## Dataset excerpt:

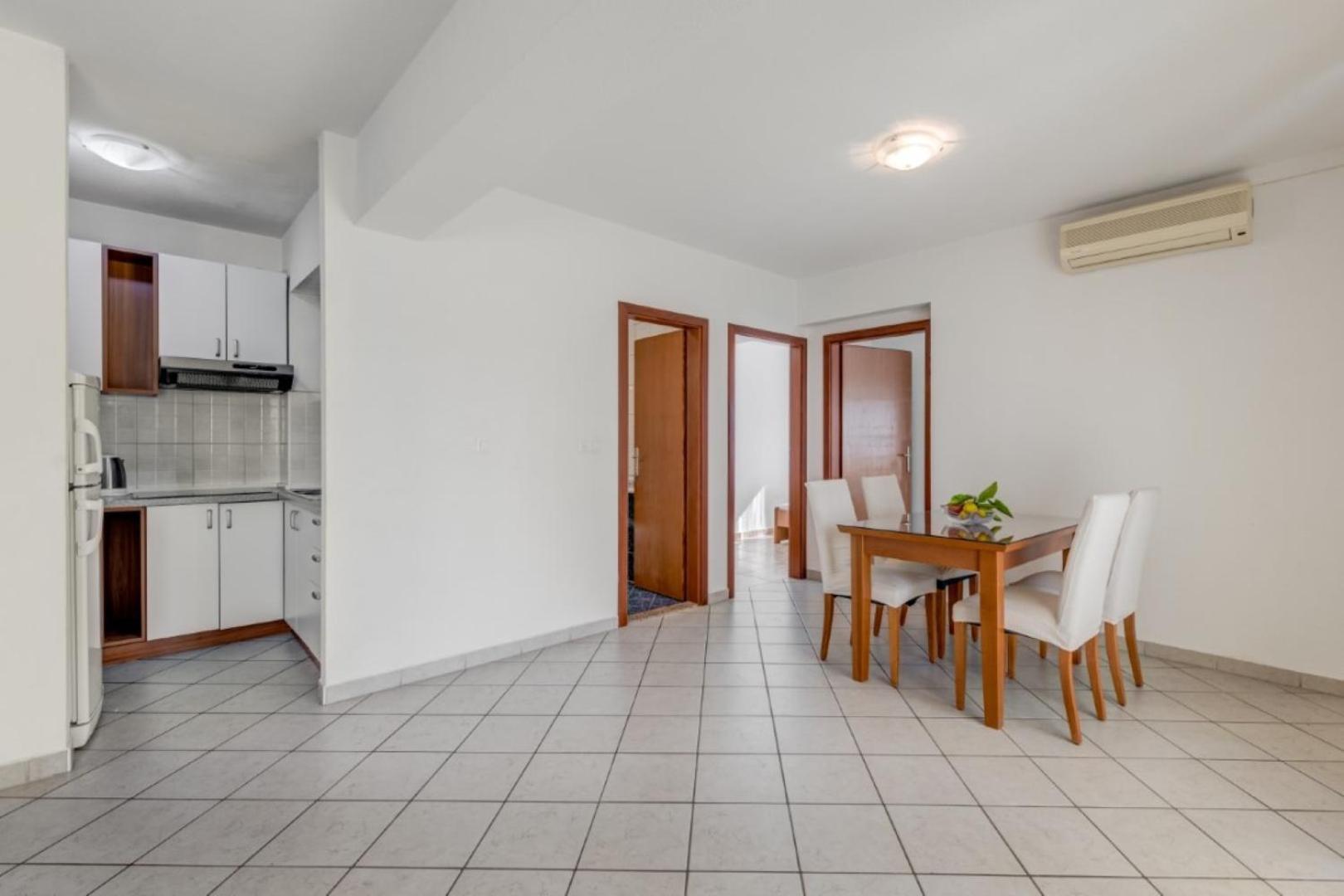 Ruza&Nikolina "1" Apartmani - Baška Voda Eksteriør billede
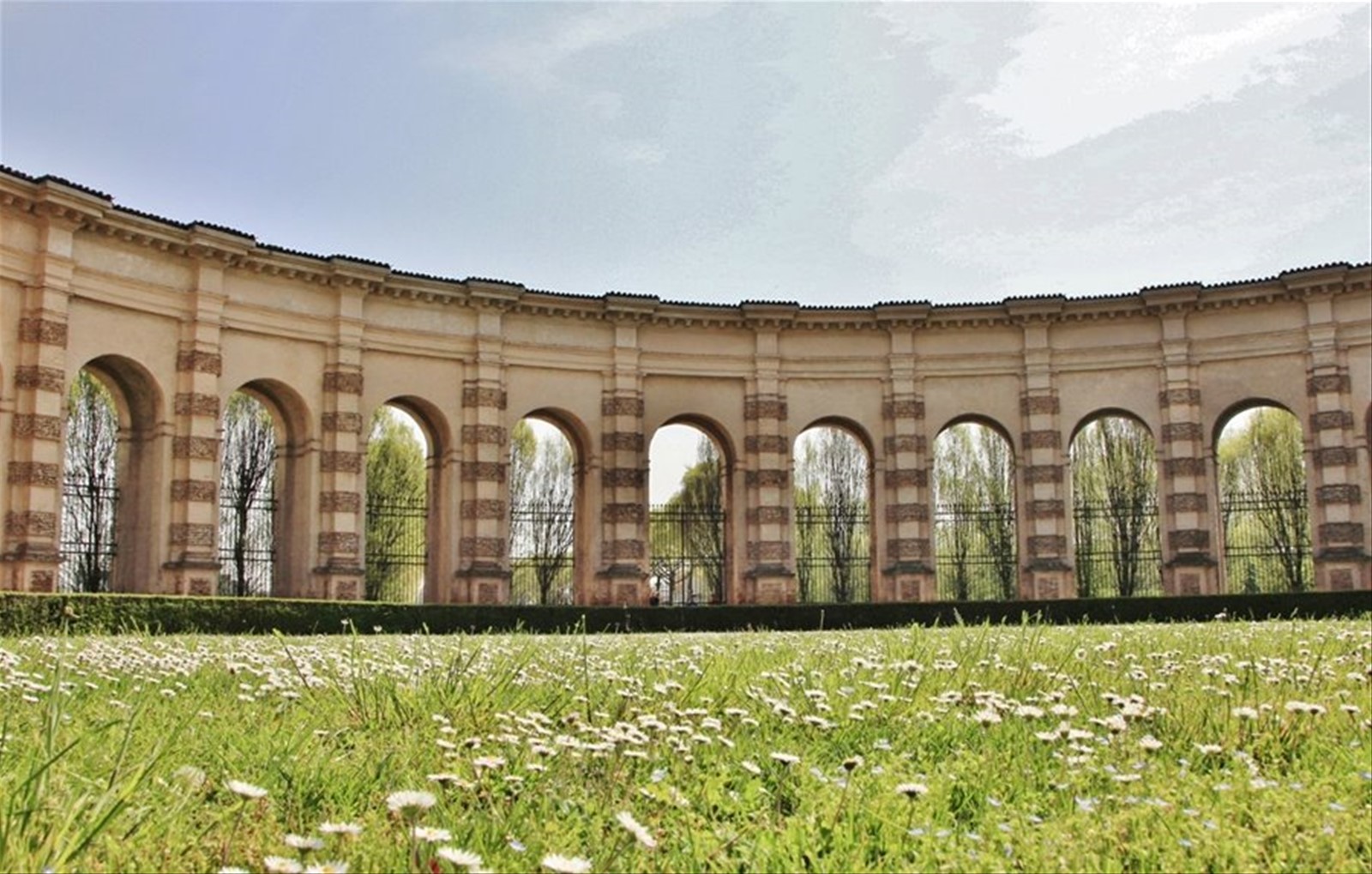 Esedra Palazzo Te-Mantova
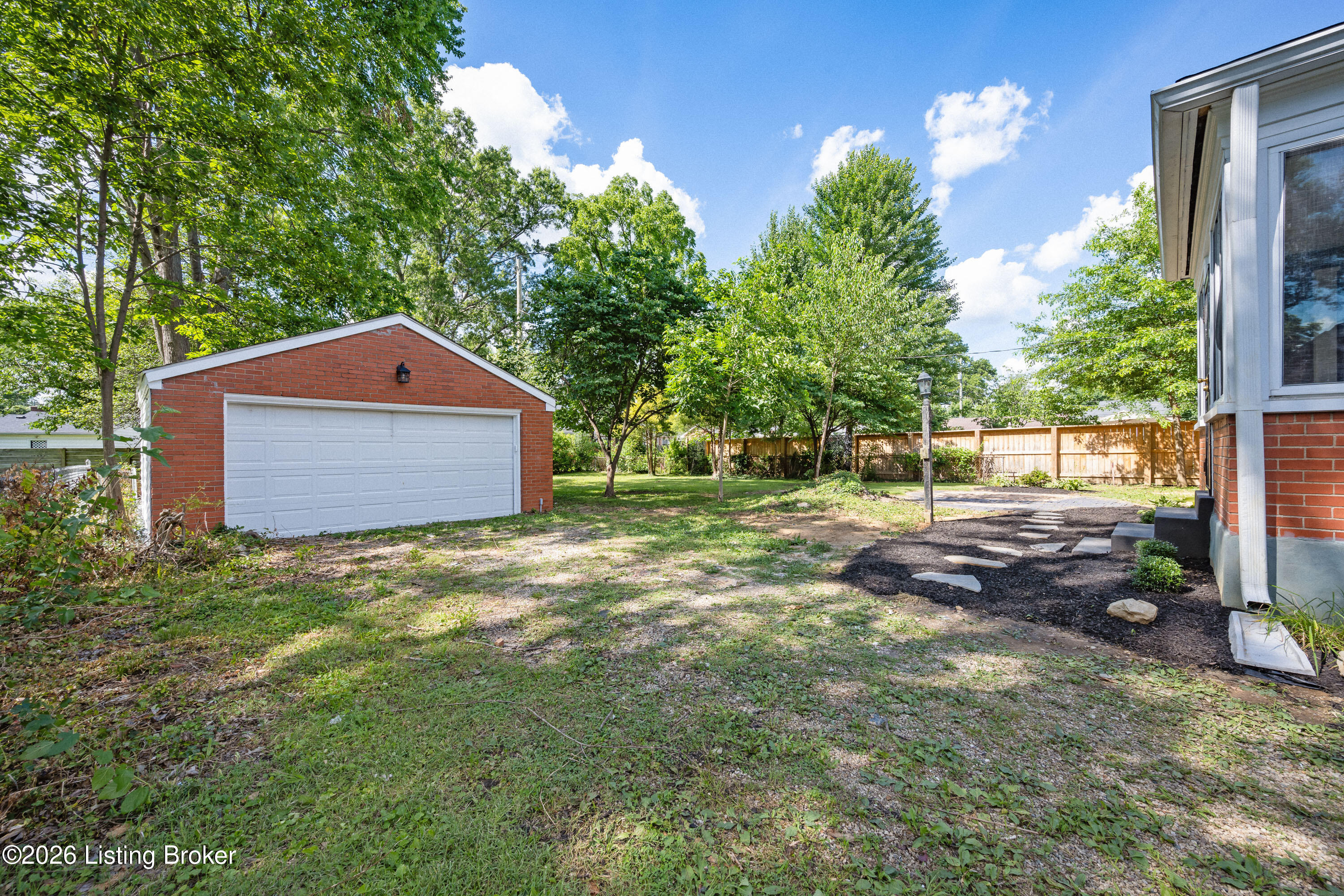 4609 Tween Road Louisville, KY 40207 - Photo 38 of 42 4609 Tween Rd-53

## Assigned task:
In transcribing the material above, reproduce each line exactly and include none of the pictures.

## Output:
 Ruza&Nikolina "1" Apartmani - Baška Voda Eksteriør billede
 Esedra Palazzo Te-Mantova
 4609 Tween Road Louisville, KY 40207 - Photo 38 of 42 4609 Tween Rd-53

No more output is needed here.